Bu durumun nitelik açısından sorunlara neden olduğu ifade ediliyor. Bu eleştirilere katılır mısınız?

Asla bu eleştirileri kabul edemem. Benim annem ve babam da hekimdi. Kendi sağlık kurumlarımızda iki yüze yakın hekim var. Ben altı sene okuyan, sonra sabahlara kadar nöbet tutan, mesleki yeterlilik sınavlarından başarılı olan doktorların, niteliksiz olarak değerlendirilmesini kabul edemem. İçerisinde daha başarılı doktorlar var mıdır, vardır. Bunlar olabilir ama nitelik konusunu ağzıma bile almam, çünkü benim aldığım eğitimle onların aldığı eğitim arasında dünyalar kadar fark var. Benim vicdan anlayışımla onların vicdan anlayışı arasında dünyalar kadar fark vardır. Dolayısıyla ne Türk sağlık kurumlarına ne de hekimlerine asla laf söyletmem. İstisnalar yok mudur, vardır. İstisnaların kaideyi bozmasına müsaade etmemeliyiz.

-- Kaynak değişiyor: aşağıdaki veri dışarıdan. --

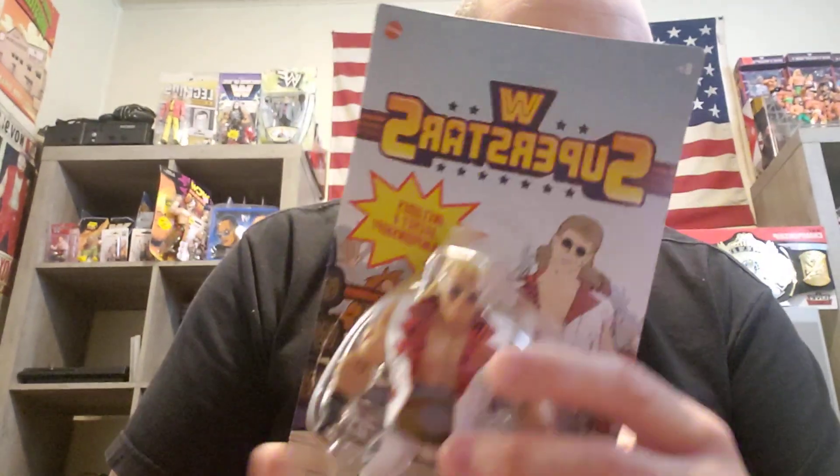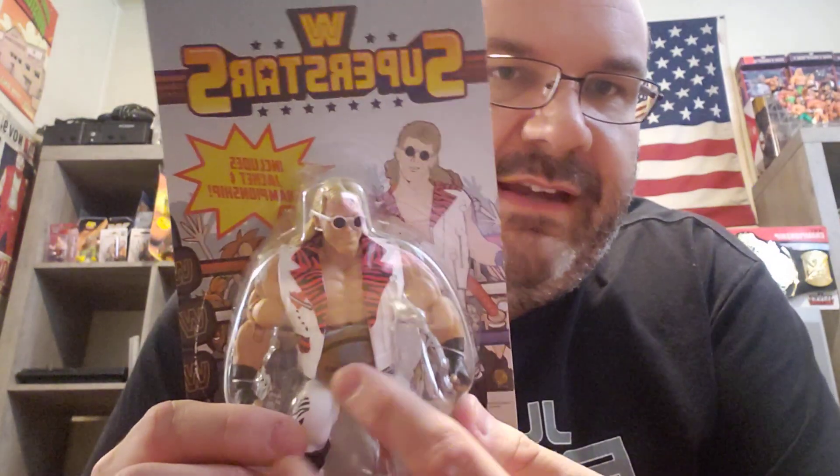I really like the Superstars line — a lot of people don't. I think they've even been discontinued, but I personally really like them. This was the first and only Shawn Michaels I had seen. I really love the green IC title. I had the Elite Legend series that came out from Target; I like this figure better. The Superstars line reminds me of old Remco's — I never played with Remco's, so these are really cool for me.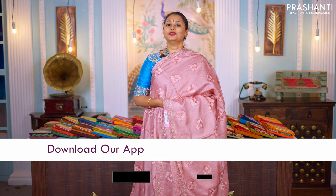You can shop for this collection online at www.prasanthisarees.com. You can also download our app, available on both iOS and Android. Thank you for watching this video. Have an enriching shopping experience at Prasanthi.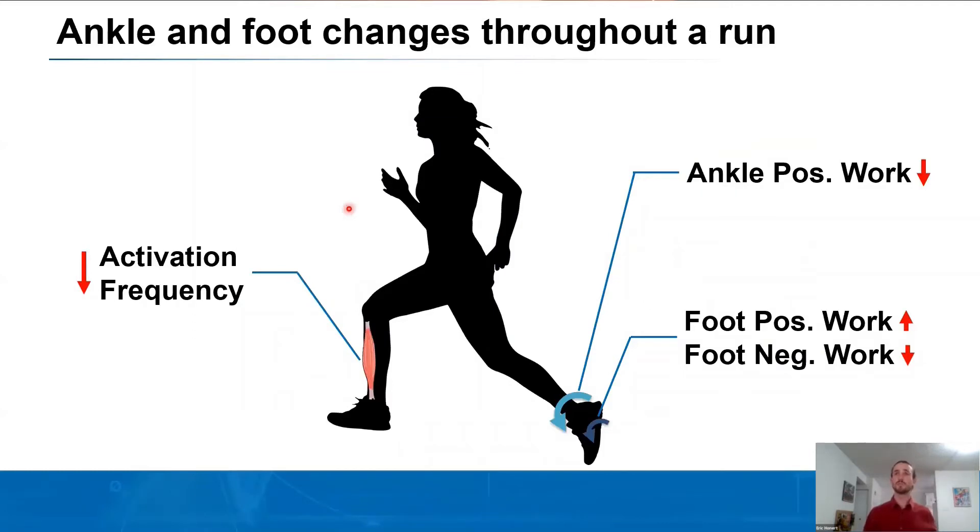In summary: positive ankle work decreased throughout the run, and positive foot work increased. At the fastest running speeds, we also saw a decrease in negative foot work, and a shift in the activation frequency of the tibialis anterior. It should be noted that these differences were observed in recreational runners. Two studies show that elite runners over a long-duration run do not have a decrease in ankle positive work, yet an open question remains regarding the amount of positive foot work.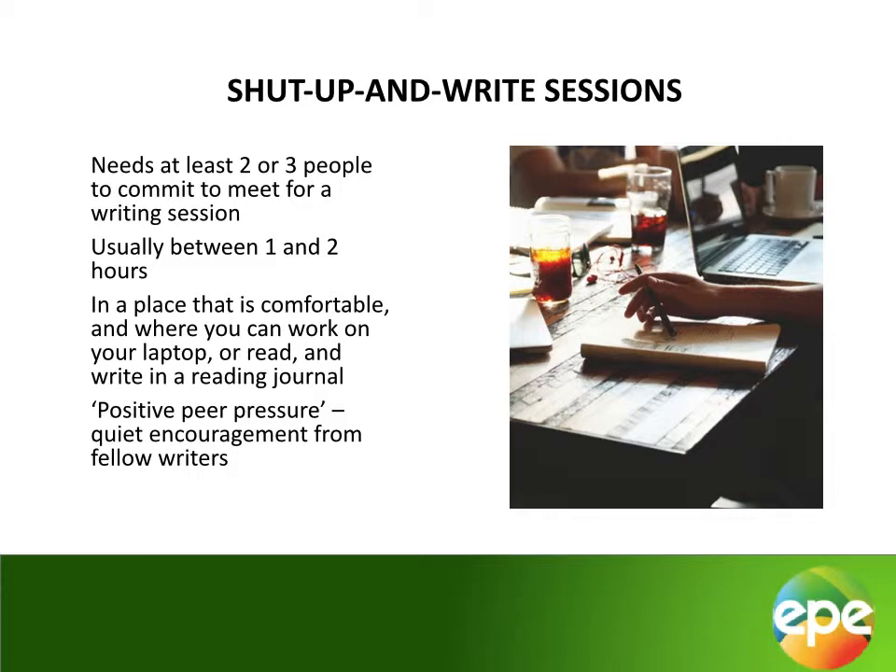Finally, we have shut up and write sessions. These are a popular tool for writers all over the world. If you are on Twitter, you can probably join a virtual group that will meet once a week in your time zone to write. These virtual groups are fine if you are highly motivated to keep a meeting with invisible strangers once a week without pushing it aside to do other things. Most of us, though, would do better with a physical, face-to-face commitment.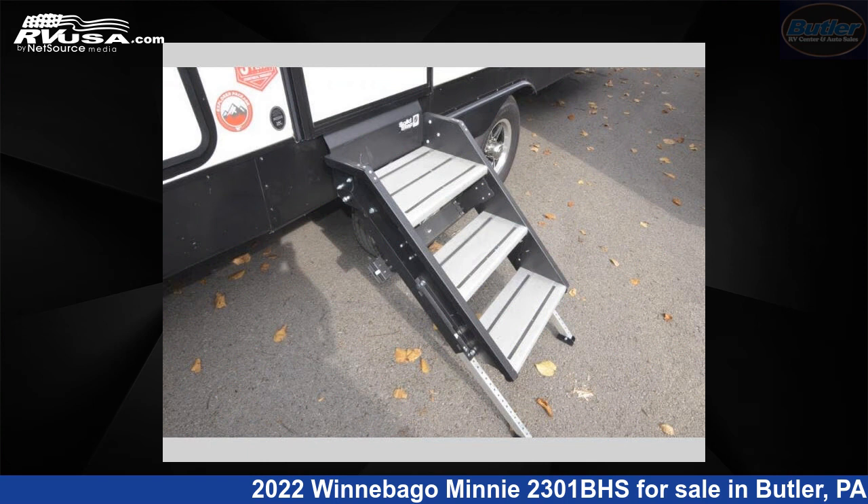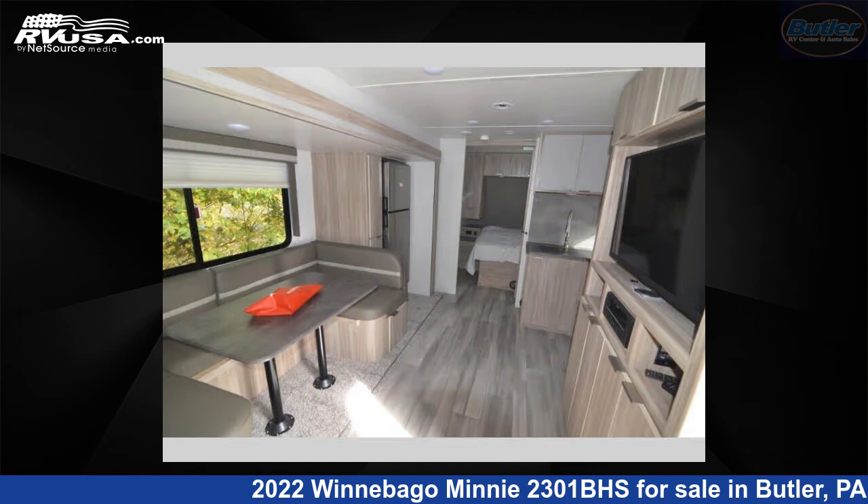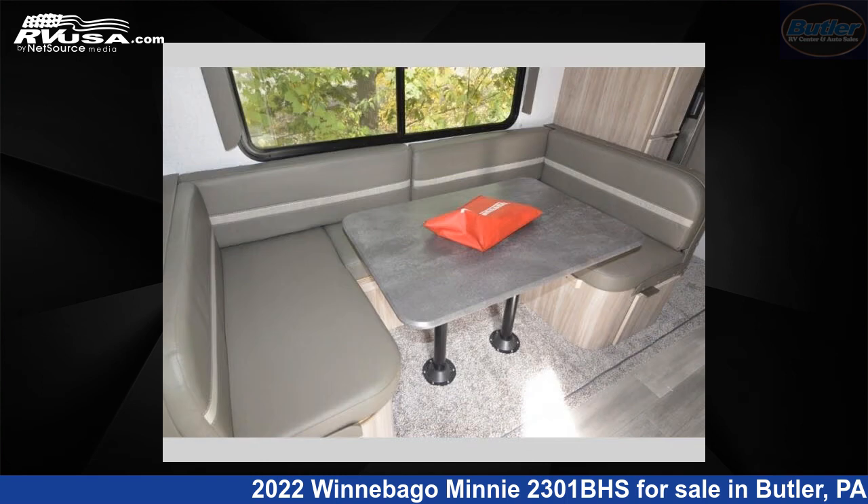The floor plan layout of this travel trailer features a bunkhouse and front bedroom. For more information and pricing on this unit, and to see all units available for sale by Butler RV Center, visit rvusa.com.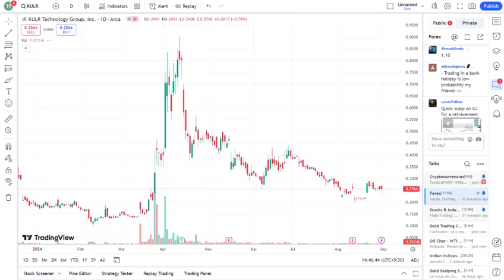First off, let's talk about what KULR Technology does. KULR is a company specializing in advanced thermal management solutions, primarily for the aerospace, automotive, and electronics sectors. They're known for their high-performance battery safety and thermal management products, which are becoming increasingly crucial as technology advances.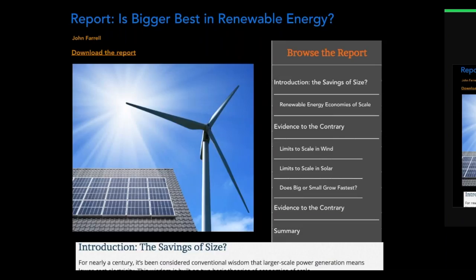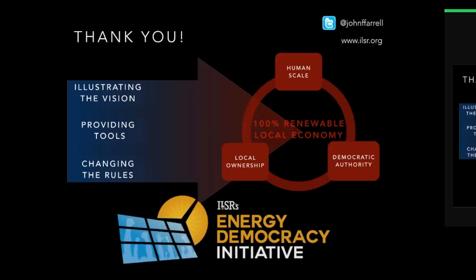I'm going to try to address your many questions now. I also want to encourage you to check out the report, which is on our website now, freely available — it's called 'Is Bigger Best in Renewable Energy.' Thank you very much for taking the time today. You're welcome to follow along on Twitter and get all of our resources at ilsr.org.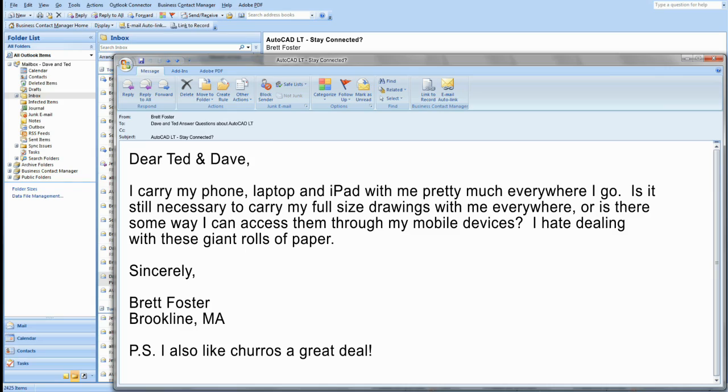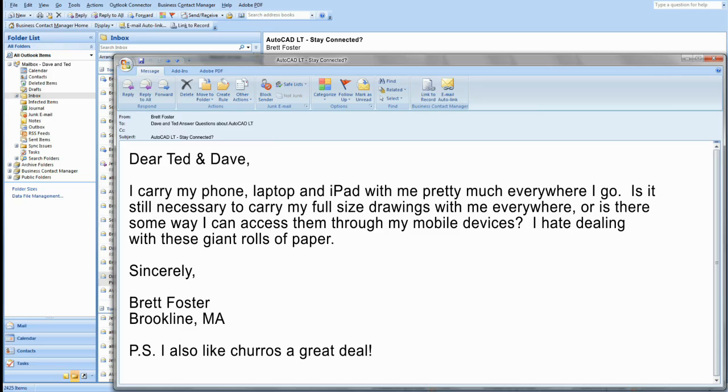Someone's mad. Fine, I'll read it. Dear Ted and Dave — hey, my name's first. This guy knows a star when he sees one. Dear Ted and Dave, I carry my phone, laptop, and iPad with me pretty much everywhere I go. Is it still necessary to carry my full-size drawings with me everywhere, or is there some way I can access them through my mobile devices? I hate dealing with these giant rolls of paper. Sincerely, Brett Foster, Brookline, Massachusetts. P.S. I also like churros a great deal.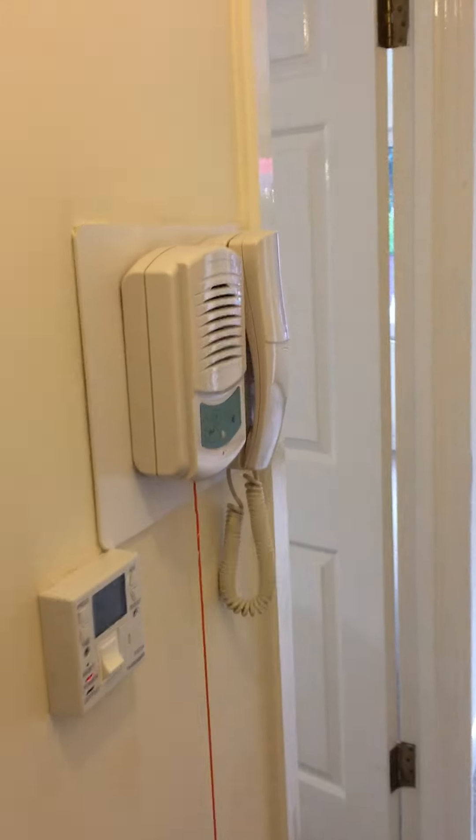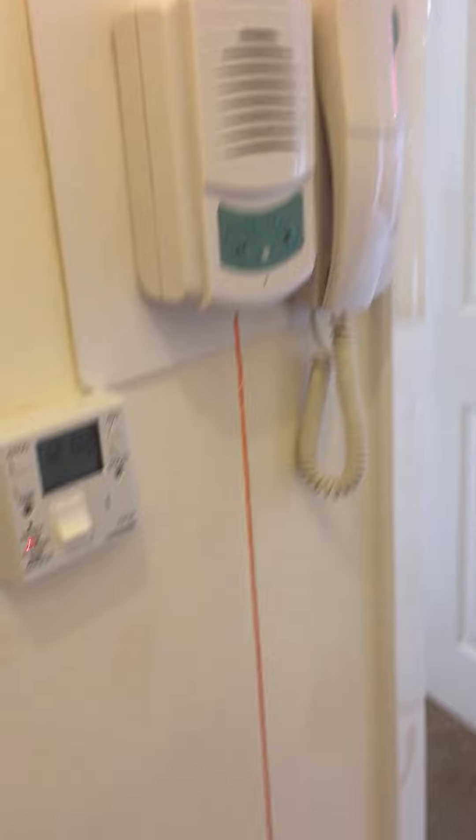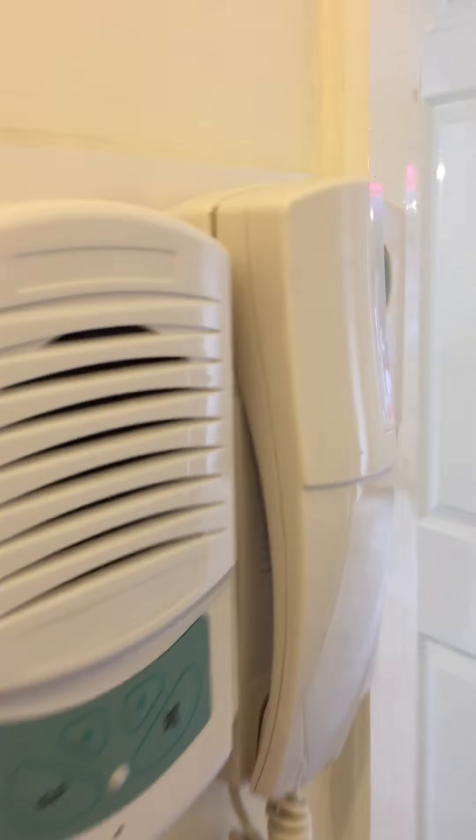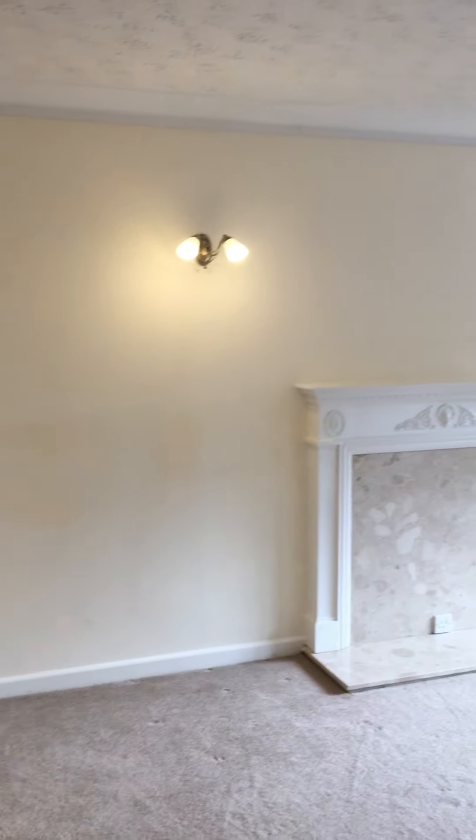And again the main door into the communal hallway. And there is the security system and the pull cord for any emergencies. And that is 15 Bernards Court in Bodmin.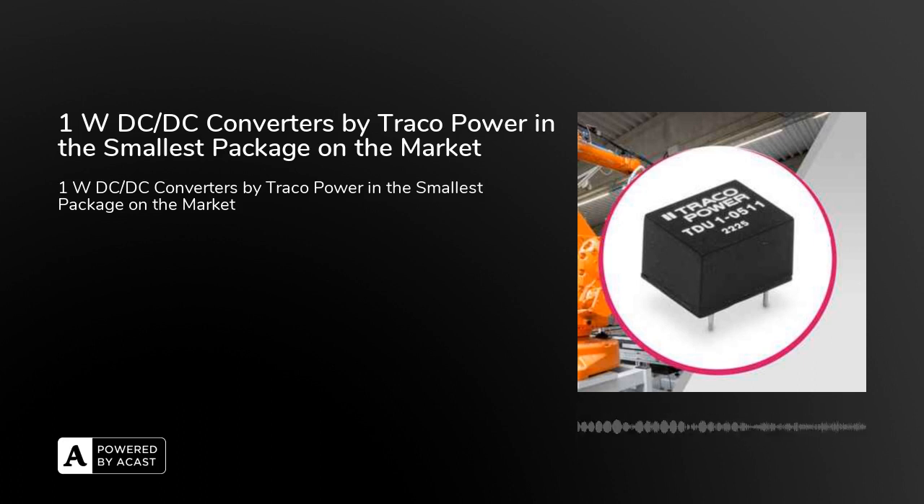In terms of parameters, the TDU1 series of 1W DC-DC converters are basically standard 1W Traco Power converters, featuring permanent short-circuit protection, 1500V DC IO isolation, and an operating temperature range of minus 40 degrees Celsius to plus 85 degrees Celsius without performance reduction. Thanks to their small dimensions, they are an ideal solution for many space-critical applications, for example in communication equipment, devices, and industrial electronics, where the standard SIP7 package does not fit.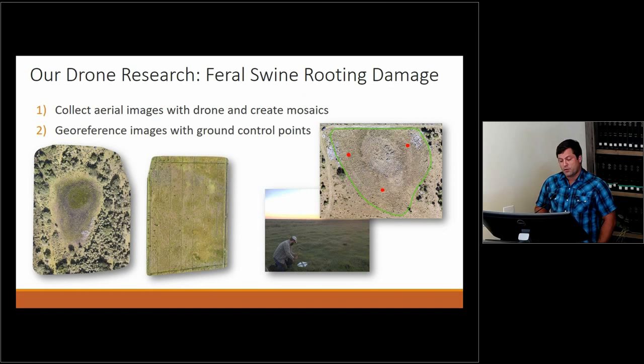We're going to fly those 25 pastures and 36 wetlands four times a year during the dry season and collect aerial images to create mosaics. Because we're measuring these areas over time, we need them to line up very precisely. We place one-foot by one-foot boards with an X out in the field as ground control points. They're at known locations so we can better correct and geo-reference our images.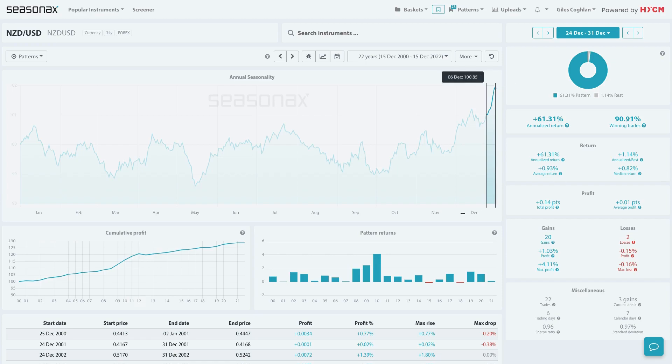Don't forget HYCM clients can access the excellent Seasonax product in order to analyse over 25,000 different currency pairs, indices, commodities as well as individual stocks. Please do contact your account manager for a free trial to get started right away.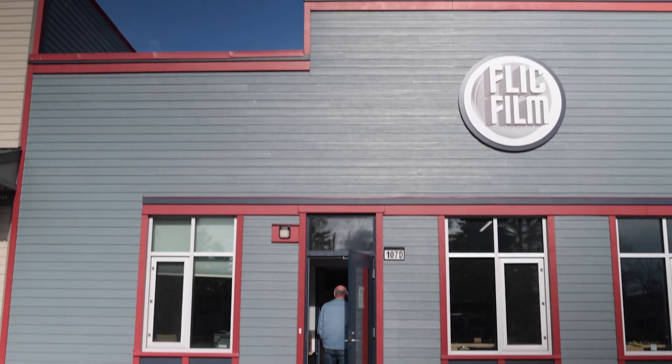It's just flat out fun. I retired — I didn't need to be doing this — but I don't think I could have much more fun than running Flick Film.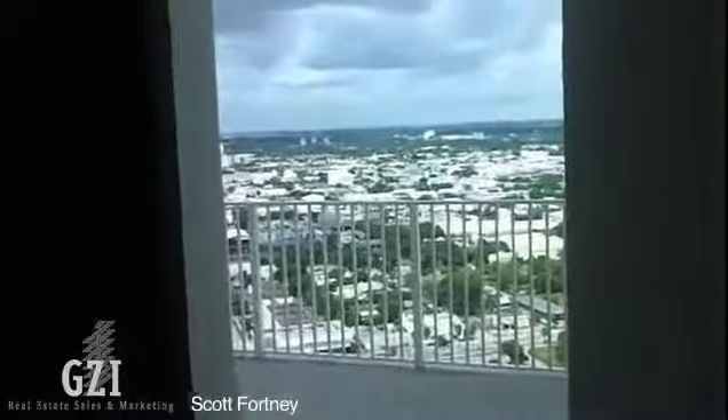Sorry about that door being open, because you actually do have a window in here.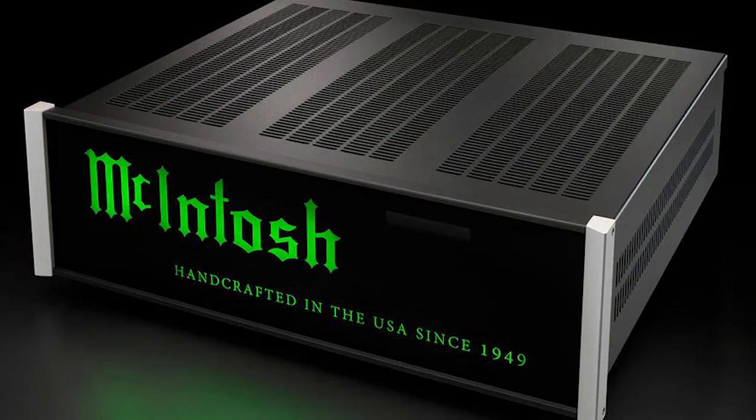What is the LB200? Well, the LB stands for Lightbox. And you might be thinking, that sounds really weird. What is a Lightbox? It is a component that has a display on the front, just like a panel. And all it says is 'McIntosh, handcrafted in America since 1949.' That is essentially all this product does — it is just a glowing McIntosh light for your setup.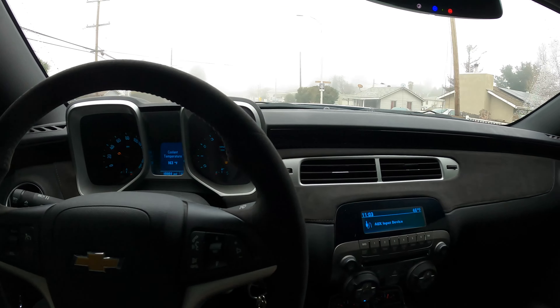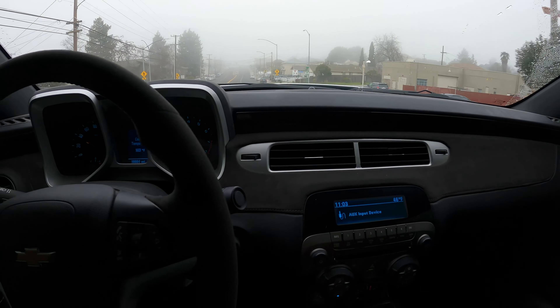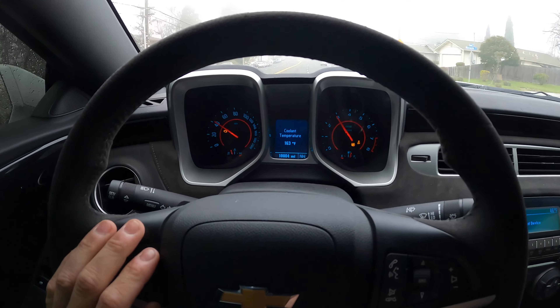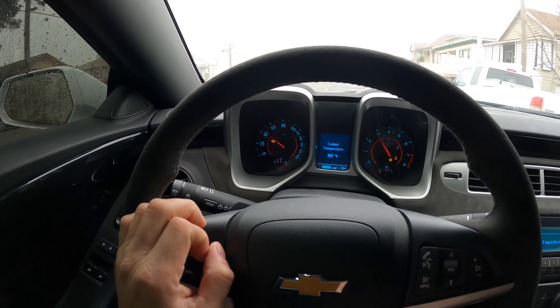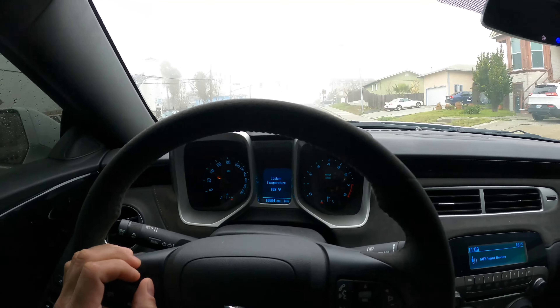Alright guys, so today we're heading to a shop of a potential sponsor. We're going to go check out, talk to them and see what they got to say. And we're driving the Camaro today. Haven't driven it in a while — we hit 10,004 miles, and there's a check engine light on it. Not good. Haven't checked that yet but I've been lazy.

Sağlık alanında fiyatların çok arttığı yönünde bir söylem var. Konu ile ilgili neler söylemek istersiniz?

Özellikle dövize bağlı girdiler nedeniyle sağlık enflasyonunun daha yüksek seyretmesi nedeniyle, fiyatların arttığı doğrudur. Ancak OECD ülkeleri içerisinde hem kişi başı hem de gayri safi millî hasıladaki payı açısından en az sağlık harcaması yapan ülkeyiz. Ancak sağlık girdilerindeki artış ve SGK’nın SUT fiyatlarını son 10 yıldır özel sektör için büyük ölçüde sabitlemesi nedeniyle, bu durumun sürdürülmesi mümkün görünmemektedir.  Rahmetli annem de hep sağlığın pahalı bir iş olduğunu söylerdi. Diğer taraftan sağlık hizmeti ucuzlatılabilecek bir hizmet değildir. Ancak maliyetler hasta odaklı dengelenebilir. Bunun için de bilgi birikimi lazım.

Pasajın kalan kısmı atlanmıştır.